# Source information
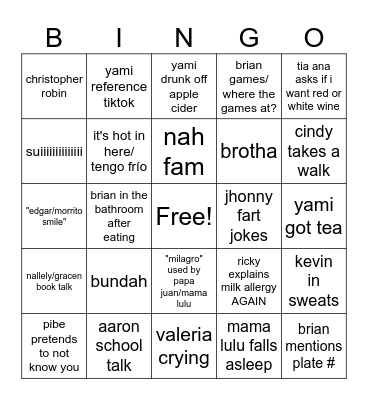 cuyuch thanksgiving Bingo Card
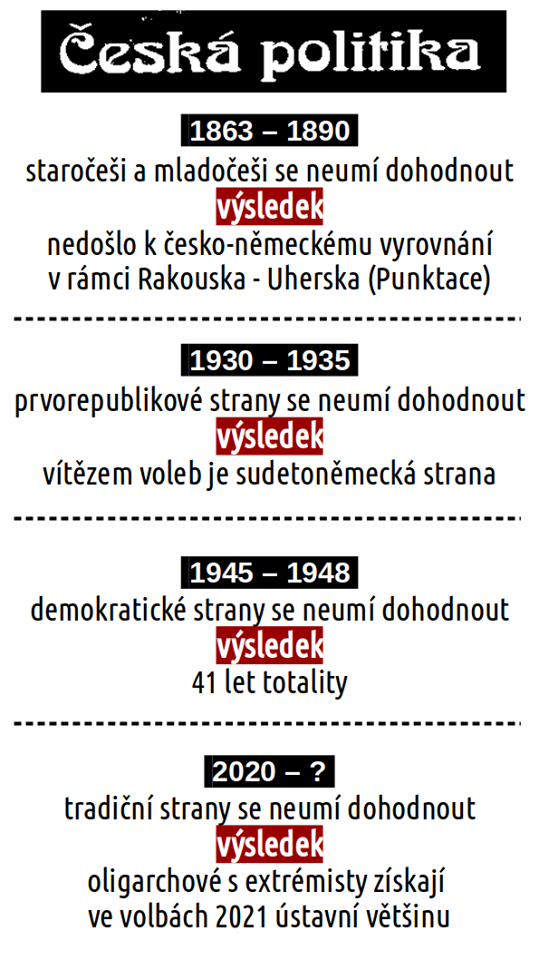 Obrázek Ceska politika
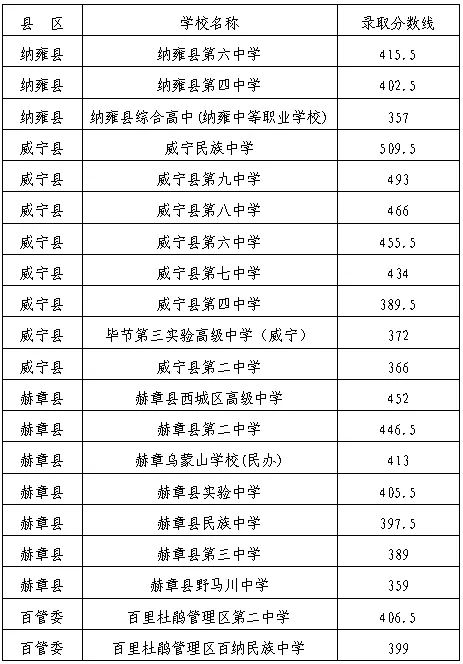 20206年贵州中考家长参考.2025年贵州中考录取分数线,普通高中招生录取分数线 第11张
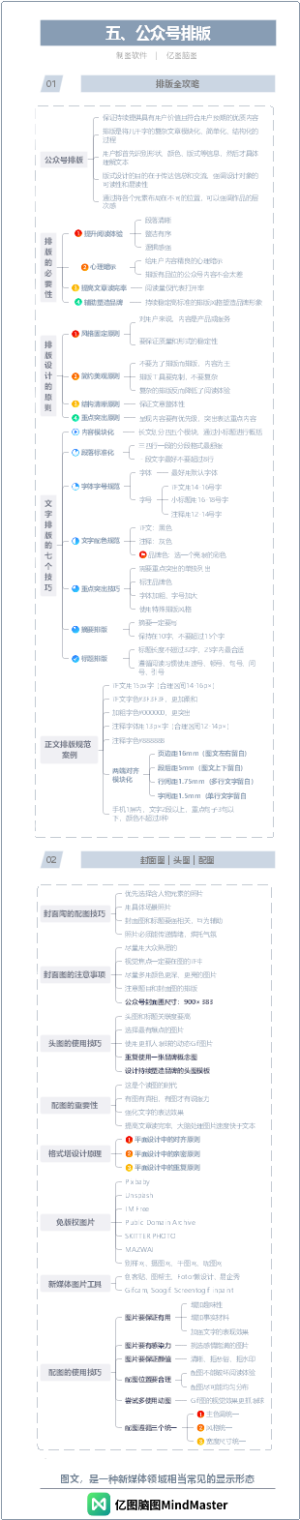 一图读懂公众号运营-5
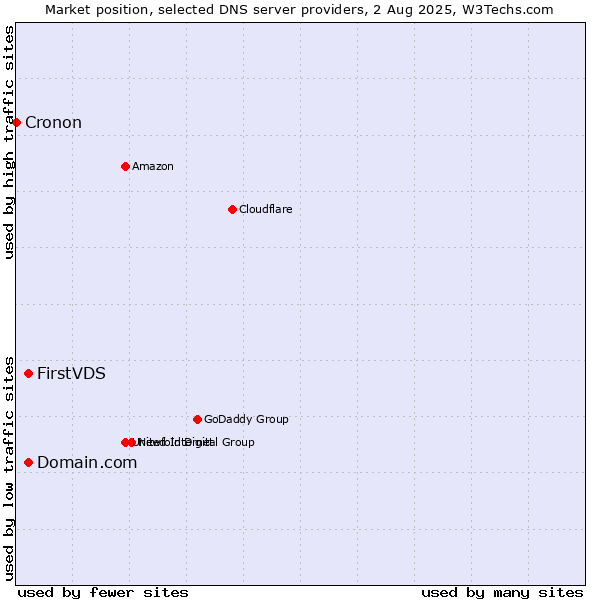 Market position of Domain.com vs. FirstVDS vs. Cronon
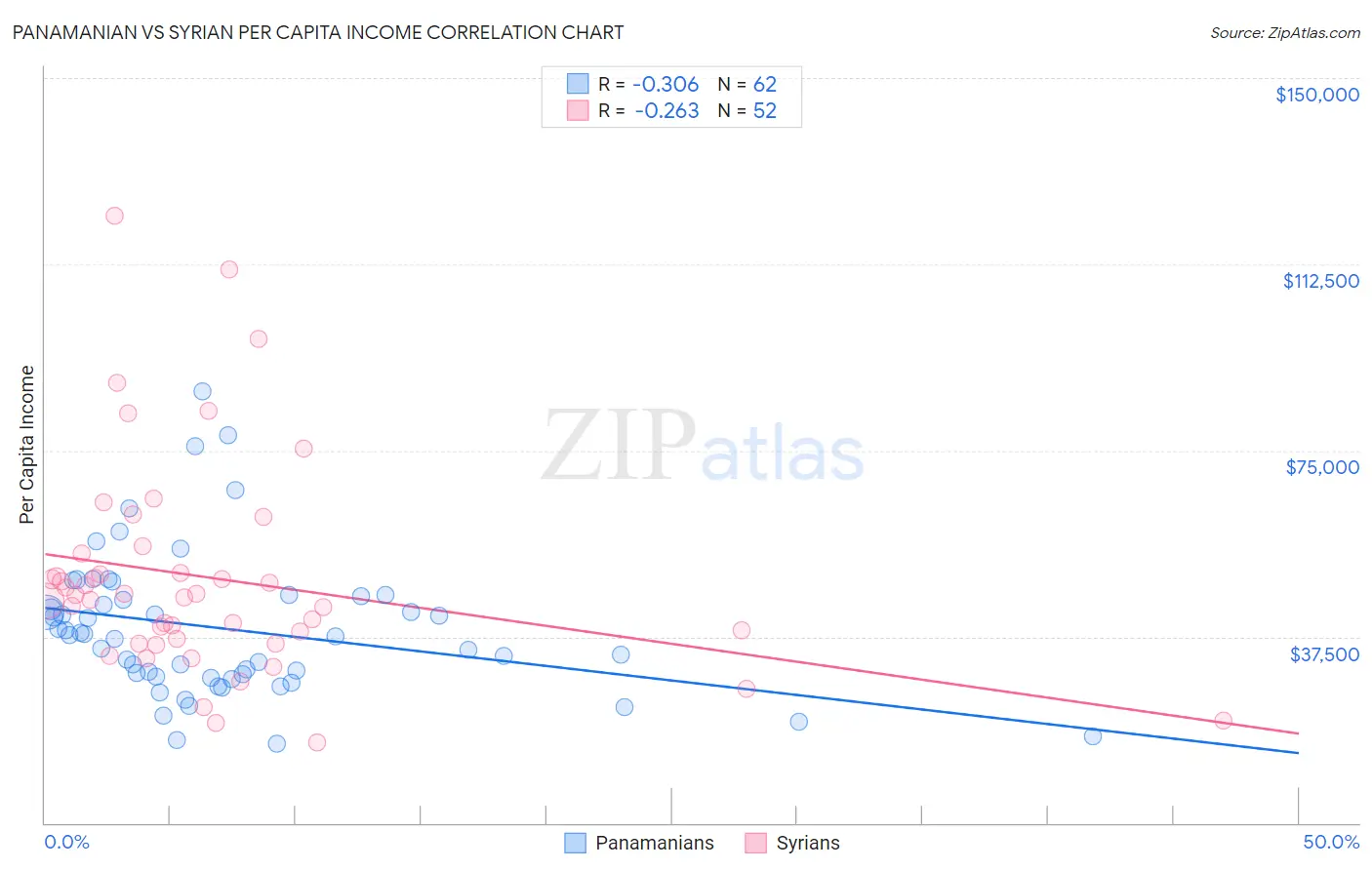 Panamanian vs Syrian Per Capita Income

# What to do
Here the job is to print all the entries above exactly, minus the images.

# Result of the task
 cuyuch thanksgiving Bingo Card
 Obrázek Ceska politika
 20206年贵州中考家长参考.2025年贵州中考录取分数线,普通高中招生录取分数线 第11张
 一图读懂公众号运营-5
 Market position of Domain.com vs. FirstVDS vs. Cronon
 Panamanian vs Syrian Per Capita Income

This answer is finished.